Within the files lurk all kinds of revelations, many of which will come to light over the course of the coming weeks as the news organisation involved in the project publish a series of reports. But at the time of writing, The Guardian has published a series of articles which describe:
- Details about a web of offshore deals and loans worth $US2 billion that link back to Russian president Vladimir Putin and his closest acquaintances.
- Iceland’s Prime Minister’s undeclared stakes in offshore company, which may lead to a snap election in the country.
- How members of FIFA’s ethics committee were more closely linked with corruption than previously thought.

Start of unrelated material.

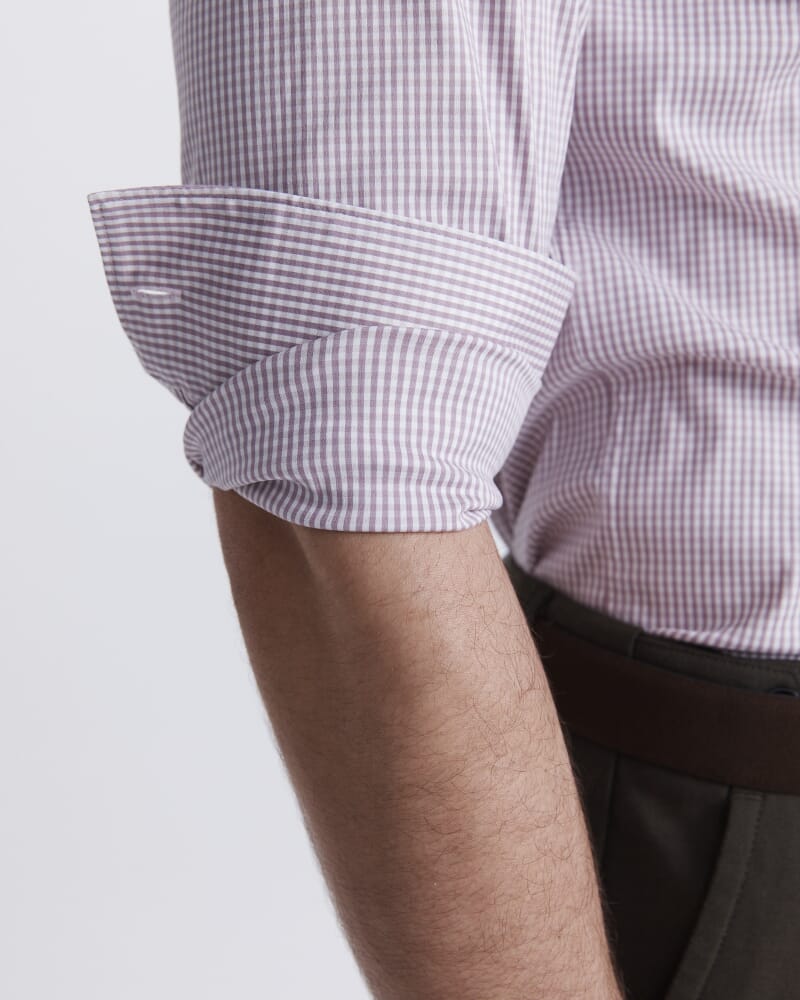 Lucian Long Sleeve Stretch Check Shirt in FIG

The data itself comes from Mossack Fonseca, a law firm that’s based in Panama. It manages offshore firms provides financial services, and is, according the The Guardian, the fourth biggest offshore services provider in the world. In a response to the leak, the company declined to discuss individual clients, but did write that its “services are regulated on multiple levels, often by overlapping agencies, and we have a strong compliance record”, adding that they are “responsible members of the global financial and business community”.